É aí que se encontra uma das principais diferenças entre um candidato conhecido e um candidato reconhecido.

Conhecimento produz lembrança. Reconhecimento produz confiança.

E confiança é um dos ativos mais valiosos de uma eleição.

No caso de Izalci, essa relação foi construída durante diferentes mandatos. O próprio senador registra uma atuação histórica ligada à educação profissional, ciência, tecnologia e inovação, temas que ele afirma defender desde quando ocupava cargos no Executivo e no Legislativo.

A mudança de cargo não necessariamente muda o eleitor

Outro aspecto relevante desta eleição é que Izalci está fazendo um movimento que, à primeira vista, pode parecer incomum: depois de ocupar uma cadeira no Senado, volta a disputar uma vaga na Câmara dos Deputados.

Mas existe uma leitura política diferente.

Para quem acompanha sua trajetória, não é necessariamente Izalci que muda de cargo; é o cargo que muda de posição na trajetória de Izalci.

O eleitor que confia no trabalho de um político pode não enxergar a candidatura apenas pelo título do mandato. Ele pode votar na pessoa, na história e naquilo que acredita que ela ainda pode fazer.

É justamente aí que aparece a diferença entre voto e eleitor.

O voto pode acompanhar uma circunstância.

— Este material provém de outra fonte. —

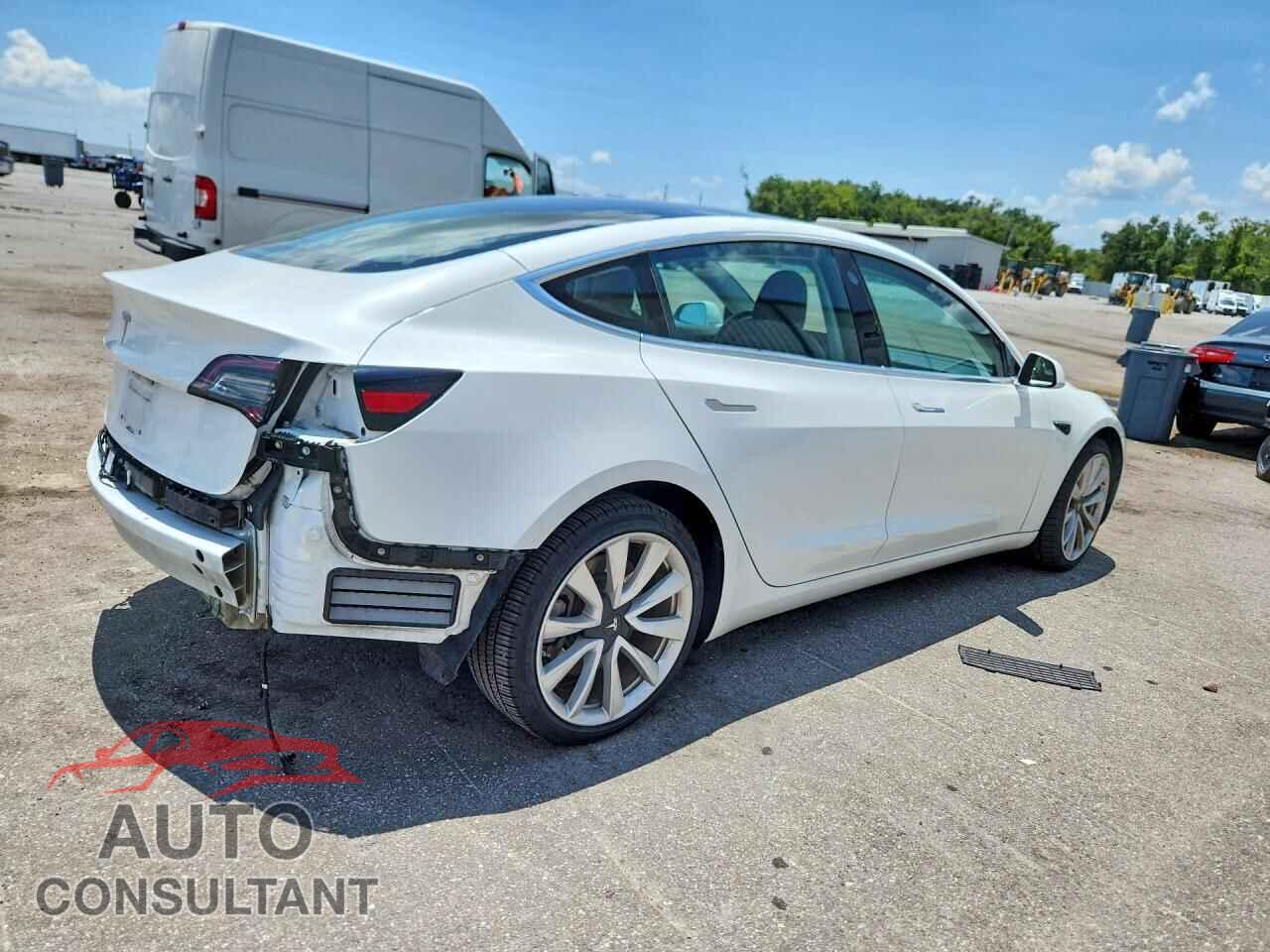 TESLA MODEL 3 2018 - 5YJ3E1EA9JF154604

O eleitor acompanha uma trajetória.

Uma eleição baseada no passado, mas olhando para o futuro

Isso não significa que uma trajetória garanta eleição. Em política, nenhuma candidatura está automaticamente eleita. A disputa proporcional depende de votos, quociente eleitoral, desempenho partidário e da capacidade de cada candidato mobilizar sua base.

Mas uma trajetória longa oferece algo que candidatos novos precisam construir rapidamente: credibilidade acumulada.

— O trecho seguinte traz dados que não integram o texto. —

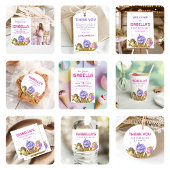 Ballotins Crème de glace 1er fête d'anniversaire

Izalci chega à disputa de 2026 carregando décadas de vida pública e uma experiência que atravessa Executivo, Câmara Legislativa, Câmara dos Deputados e Senado.

Esse histórico pode ser convertido em uma mensagem política simples:

quem já foi testado não precisa pedir ao eleitor que imagine o que poderá fazer; pode apresentar aquilo que já fez.

E essa talvez seja a principal força eleitoral de Izalci nesta eleição.

Não se trata apenas de buscar votos.

Trata-se de reencontrar eleitores.

Pessoas que já conhecem o político, que acompanharam sua trajetória e que, independentemente do cargo em disputa, podem continuar enxergando nele uma opção confiável para representar o Distrito Federal.

No fim, a grande diferença está justamente aí:

um candidato pode conquistar votos. Um político de trajetória pode construir eleitores.

E quando um eleitor deixa de votar apenas no cargo e passa a votar na pessoa, na história e no trabalho que conhece, a campanha ganha uma característica diferente.

Não é mais uma promessa de futuro. É uma escolha baseada na memória, na experiência e na confiança construída ao longo do tempo.

É esse patrimônio político que Izalci Lucas leva para a eleição de deputado federal em 2026.